Aereo was introduced in 2012 as an attempt to blow up the TV industry, or at least the traditional pay-TV package. But on Friday, the service, which allowed users stream and record broadcast TV sans a cable or satellite subscription, filed for bankruptcy protection.
"Chapter 11 will permit Aereo to maximize the value of its business and assets without the extensive cost and distraction of defending drawn out litigation in several courts," Aereo CEO Chet Kanojia wrote in a blog post on the company's website Friday morning.
While Aereo, which was backed by IAC Chairman Barry Diller, didn't succeed in changing the TV ecosystem, Mr. Kanoji said, "we believe that we have played a significant part in pushing the conversation forward, helping force positive change in the industry for consumers."
The suggestion is that Aereo helped build momentum behind recent efforts to build TV-over-the-web services such as that planned by Dish, which will offer small packages than traditional services at lower prices, or CBS's new streaming service for subscribers who don't have cable or satellite.
But networks went to war against Aereo for taking their signals without permission or compensation, seeking injunctions to shut it down while its legality could be ascertained. Although they lost their initial court battles, their appeals eventually reached the Supreme Court. Aereo turned off its service in June, when the Court ruled that the service infringed on networks' copyright, rejecting the company's argument that the individual, remote antennas it rented each subscriber were equivalent to antennas consumers legally bought and used at home.

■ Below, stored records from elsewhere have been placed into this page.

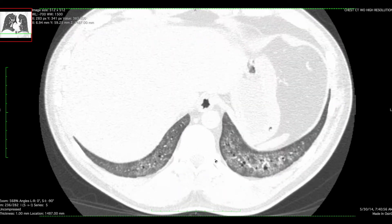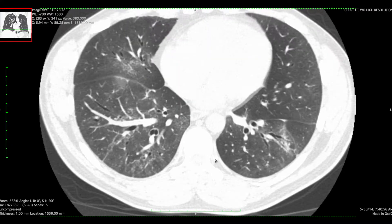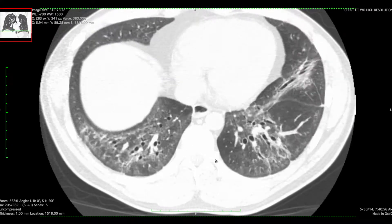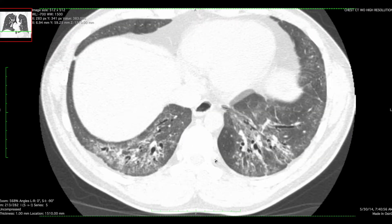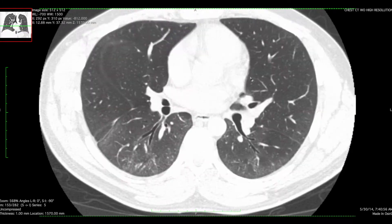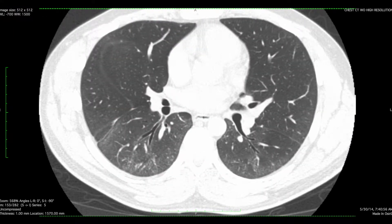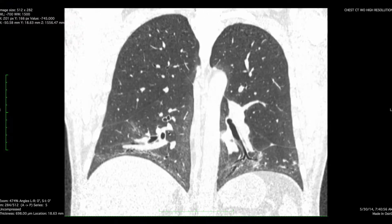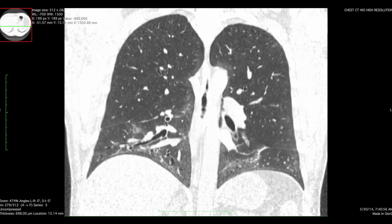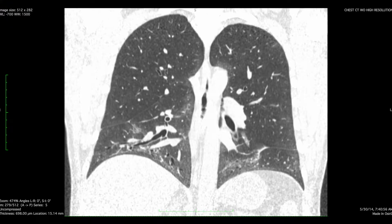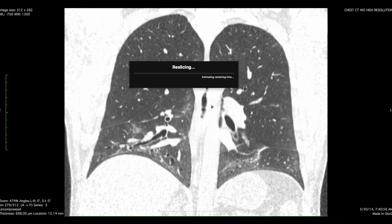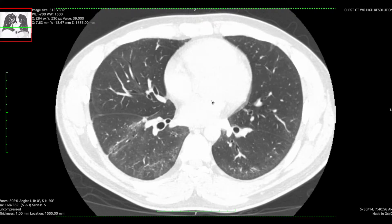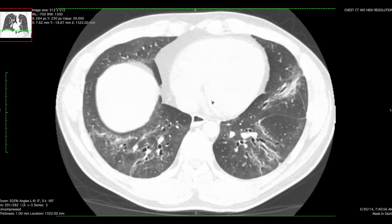The zonal distribution looks like it's sparing the upper aspect of the lungs. To me, this looks pretty convincing for basal predominance. We could reformat the coronal plane to show that indeed it is basal predominant. In the axial plane, it should be pretty striking — there is subpleural sparing.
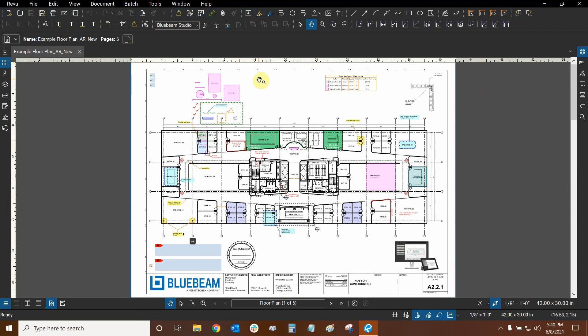Thank you very much for watching our tutorial on customizing our toolbars in Bluebeam Review. Once again my name is Ari with Digital Drafting Systems — hope you have an excellent rest of your day.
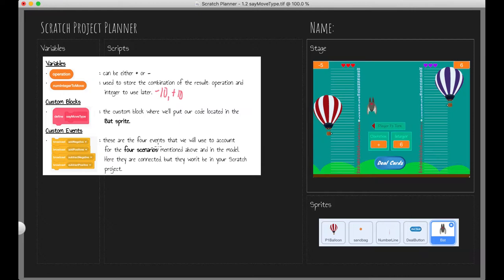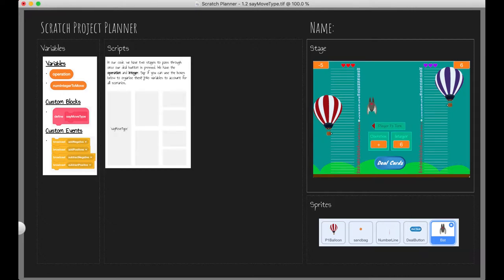I'm going to use a technique called branching — we did branching a little bit in the previous video, but here it's a little more visible in our code. We have two stages to pass through once our deal button is pressed: we have the operation and the integer. In the previous video we used the operation variable first and then checked the integer after that, and that gave us the number of images to move.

Aereo looked for other ways to position its business, such as becoming a more traditional pay-TV company, one that negotiated for the right to networks' programming. But it was unable to get the license needed to transmit programs under copyright law.
Last month the Federal Communications Commission circulated a proposed rule change that would allow online video providers such as Aereo to distribute TV like cable services, helping consumers circumvent large packages of channels.
Mr. Kanojia called the action by FCC Chairman Tom Wheeler "an important step."
But any rule change was not coming soon enough. Earlier in the month, Aereo laid off a majority of its employees and shuttered its offices in New York and Boston.
"We feel incredibly lucky to have had the opportunity to build something as meaningful and special as Aereo," Mr. Kanojia wrote Friday. "With so many shifts and advances in technology, there has never been a more perfect time to take risks, challenge the status quo and build something special."